Ethik der Laizität

In Österreich bemühen sich die Religionsgemeinschaften und die ÖVP seit Jahren, Nichtteilnehmer am Religionsunterricht durch einen staatlichen Ersatzunterricht zu bestrafen. Vereinfacht gesagt, wen der Religionsunterricht nicht interessiert und sich durch Abmeldung Freistunden verschafft, soll in einen Ethikunterricht gehen müssen. Die Wahlmöglichkeit zwischen diesem Ethikunterricht und dem Religionsunterricht wird durch die längst fast allgemein übliche Praxis, im Religionsunterricht keinerlei Leistungsansprüche zu stellen (also ohne wirkliche Prüfungen möglichst lauter Einser herzugeben) zugunsten des Religionsunterrichtes massiv beeinflusst.

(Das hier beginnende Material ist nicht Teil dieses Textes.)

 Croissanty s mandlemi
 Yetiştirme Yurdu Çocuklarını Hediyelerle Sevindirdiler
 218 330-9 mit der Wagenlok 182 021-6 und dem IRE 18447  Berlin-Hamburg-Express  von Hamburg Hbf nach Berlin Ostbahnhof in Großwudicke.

Durch die Einführung des Wahlpflichtfaches "Ethik" könnte also das Ausmaß der Abmeldungen (siehe Info Nr. 265) vom Religionsunterricht reduziert werden, man ließe dann in vielen Fällen einfach den Religionsunterricht über sich ergehen, vermiede es aber, den Lehrstoff im Fach "Ethik" lernen zu müssen. Die zwei Freistunden verlöre man dadurch zwar, aber den Religionsunterricht könnte man durch Dösen, Kartenspielen oder das Abschreiben fehlender Hausübungen*) überstehen. Darauf setzen jedenfalls die Kirchen und die ÖVP. Ob dadurch allerdings bei den Zwangsteilnehmern am Religionsunterricht nicht die Entwicklung Richtung Kirchenaustritt verstärkt wird, hat man sich nicht überlegt. Denn wirklich religiös sind in der heutigen Schülerschaft höchstens ein paar mickrige Prozentelchen.
*) das war schon zu meiner Schulzeit vor 50 Jahren so üblich, E.P.

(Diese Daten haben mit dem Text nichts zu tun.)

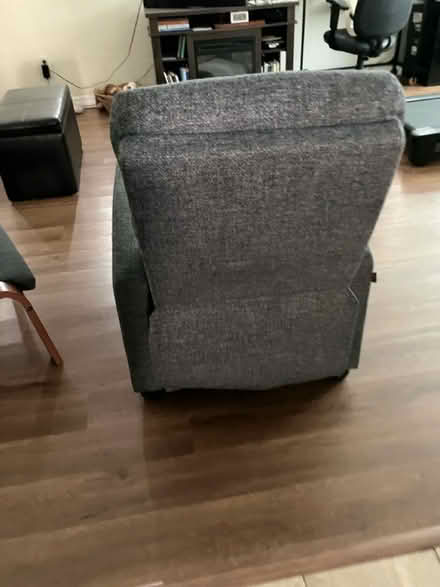 Photo of free Small recliner (Gulfport) #3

In Frankreich ist die Lage sehr viel besser, dort wurden Staat und Kirche schon 1905 getrennt, es gibt beispielsweise keinen staatlichen Religionsunterricht. Nun hat man dort im Schulbereich diese Trennung noch expliziter gestaltet, denn der jetzige Unterrichtsminister, Vincent Peilen, hat einige bedeutende Neuigkeiten eingeführt:
Von nun an soll am Eingang aller französischen Schulen die Devise der Republik zu lesen sein: "Freiheit, Gleichheit, Brüderlichkeit" (Liberté, Égalité, fraternité).
Die Erklärung der Menschen- und Bürgerrechte (Déclaration des Droits de l’Homme et du Citoyen) von 1789 wird in jedem Klassenzimmer angebracht.
Seit der Schulbeginn 2013 hängt die "Charta der Laizität" (Charte de la laïcité) in jedem Klassenzimmer .
Ein Unterricht in laizistischer Moral (cours de morale laïque) wird 2015 eingeführt.

So sollte man sich heutzutage einen Staat im aufgeklärten Europa wünschen!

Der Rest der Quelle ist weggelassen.